Text-Promptable Propagation for Referring Medical Image Sequence Segmentation
Runtian Yuan, Mohan Chen, Jilan Xu, Ling Zhou, Qingqiu Li, Yuejie Zhang, Rui Feng, Tao Zhang, Shang Gao
TL;DR
Ref-MISS addresses segmenting anatomical structures in medical image sequences from natural language prompts. The authors introduce Text-Promptable Propagation (TPP), combining cross-modal referring interaction with Transformer-based triple propagation to track referred objects across $T$ frames conditioned on $N_p$ prompts, yielding masks $\{\hat{m}_t\}_{t=1}^T$. They also curate Ref-MISS-Bench, a large-scale dataset across 4 modalities and 20 structures, with prompts generated by LLMs and validated by radiologists. Experiments show that TPP outperforms state-of-the-art in medical segmentation and RVOS, with strong zero-/one-shot generalization and ablations highlighting the value of rich medical prompts and the propagation mechanism.
Abstract
Referring Medical Image Sequence Segmentation (Ref-MISS) is a novel and challenging task that aims to segment anatomical structures in medical image sequences (\emph{e.g.} endoscopy, ultrasound, CT, and MRI) based on natural language descriptions. This task holds significant clinical potential and offers a user-friendly advancement in medical imaging interpretation. Existing 2D and 3D segmentation models struggle to explicitly track objects of interest across medical image sequences, and lack support for nteractive, text-driven guidance. To address these limitations, we propose Text-Promptable Propagation (TPP), a model designed for referring medical image sequence segmentation. TPP captures the intrinsic relationships among sequential images along with their associated textual descriptions.

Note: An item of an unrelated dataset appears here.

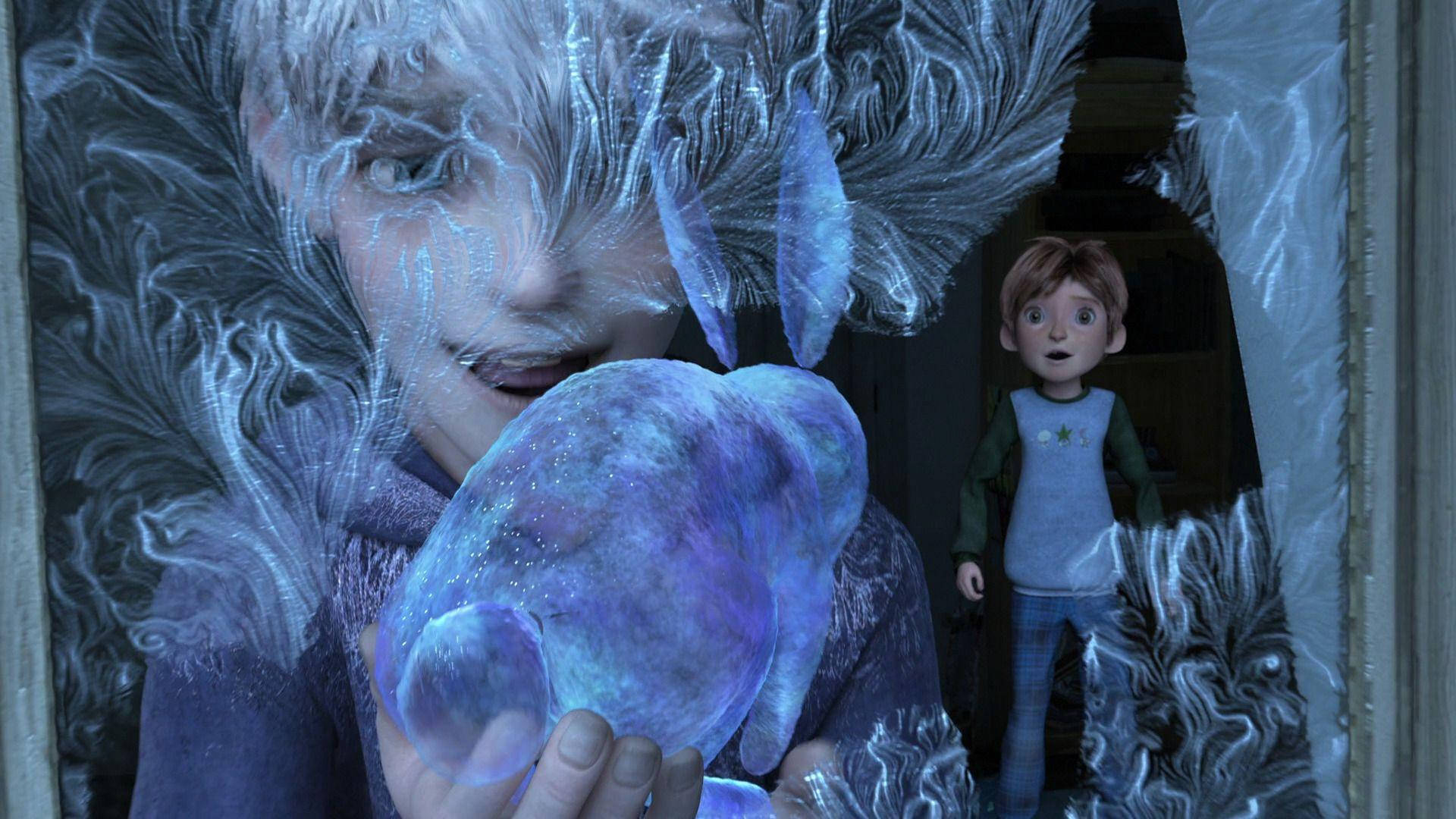 Rise Of The Guardians, ice bunny, frozen window, Full HD Desktop Wallpaper
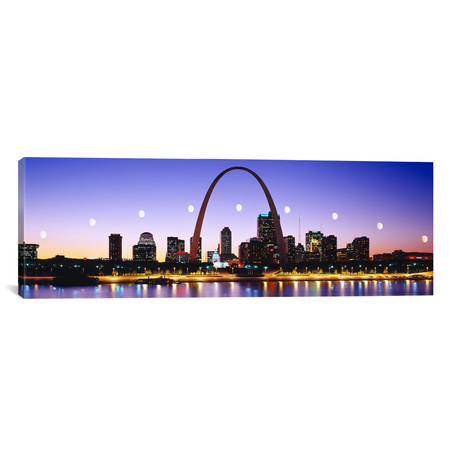 St. Louis Skyline (36"H x 12"W x 0.75"D)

Specifically, it enables the recognition of referred objects through cross-modal referring interaction, and maintains continuous tracking across the sequence via Transformer-based triple propagation, using text embeddings as queries. To support this task, we curate a large-scale benchmark, Ref-MISS-Bench, which covers 4 imaging modalities and 20 different organs and lesions. Experimental results on this benchmark demonstrate that TPP consistently outperforms state-of-the-art methods in both medical segmentation and referring video object segmentation.